In recent years there have been two celebrated cases where the CMA discovered and penalised agencies that had been participating in cartels. One was in Hampshire and the other in Somerset.
Now the CMA has backed this up with explicit advice following a case in another industry - the manufacture of steel tanks.
Late last year the authority found that a tanks supplier, Balmoral, along with three other businesses, had breached competition law by taking part in an exchange of competitively-sensitive information on prices and pricing intentions.
Balmoral has now been fined £130,000 for taking part in this unlawful information exchange, which took place at a single meeting in July 2012.
Balmoral was not a party to the main price-fixing cartel formed by some other firms - and which was the subject of a separate case by the CMA, involving a £2.6m penalty - but the fine for Balmoral comes simply because it exchanged the information at a single meeting.
In a statement to all companies in price-sensitive competitive sectors, the authority says: “Any business that is approached to join a cartel, or become involved in anti-competitive arrangements – for instance, to coordinate pricing or to share out markets between them - must immediately reject the approach, and must do so clearly and unequivocally. It is not enough to refrain from price-fixing or market-sharing. The business (and its representatives) must leave the meeting, and make clear and explicit its refusal to take part.”

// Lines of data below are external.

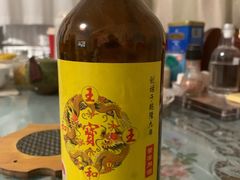 -王宝和酒家(黄浦店)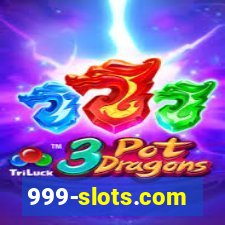 999-slots.com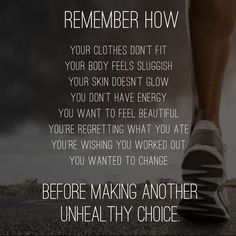 workout-motivation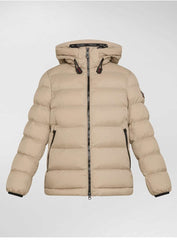 PKK2064 - Capispalla - Peuterey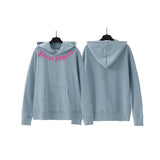 Plam Angle Hoodie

The business must also refuse to participate in any discussions that involve the sharing of confidential and competitively-sensitive pricing information.

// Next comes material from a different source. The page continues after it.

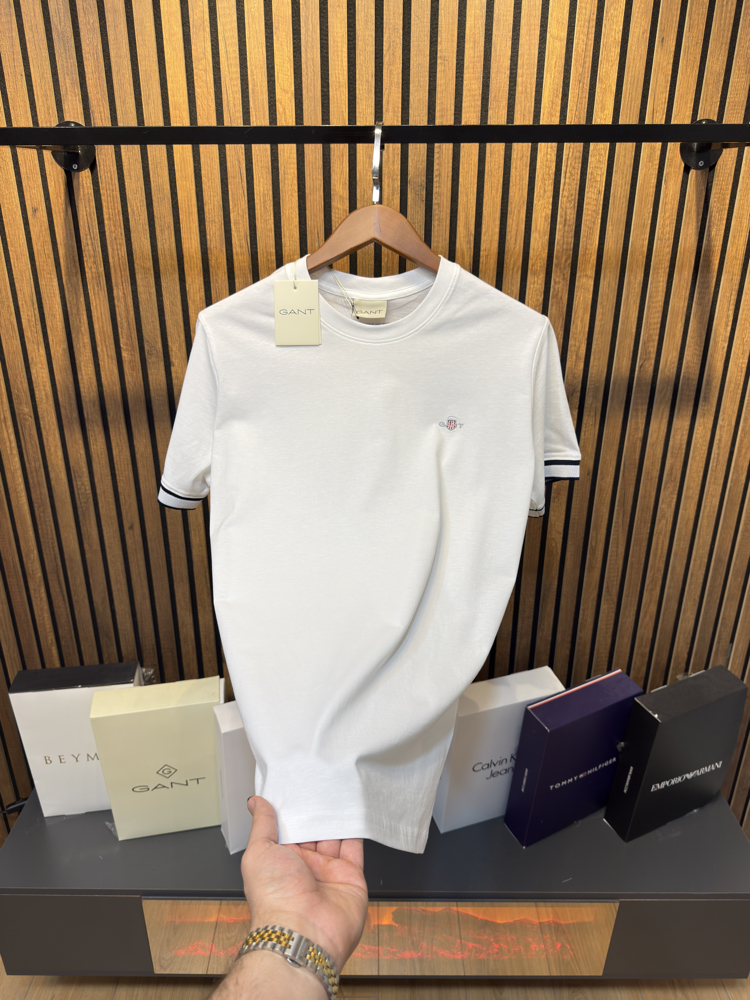 Gant Tshirt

“The CMA brought this case to send a strong signal to companies about these critical compliance obligations, which are needed to protect customers from the higher prices which result when competing businesses collude on price or business strategy, including through the exchange of competitively-sensitive information” says Michael Grenfell, the CMA’s executive director for enforcement.
“The CMA is aware that Balmoral did not participate in the main price-fixing cartel, and this is reflected in the relatively low fine imposed on it. But exchanging competitively-sensitive confidential information, even at just one meeting, is itself a breach of competition law.” he continues.
The authority says the size of Balmoral’s fine reflected the fact that it had not actually participated in the cartel and had extensively cooperated with the CMA’s investigations.
Simon Barnes, a commercial partner and competition expert at Shoosmiths LLP - where he advises numerous large corporates and SMEs on competition regulation and breaches - wrote a feature for Estate Agent Today last weekend stating that evidence presented by the CMA in its decision on the Somerset cartel suggested pricing discussions between estate agencies may be relatively common.
Now any agent doing this risks extensive penalties, even if they do not go on to participate in any cartel itself.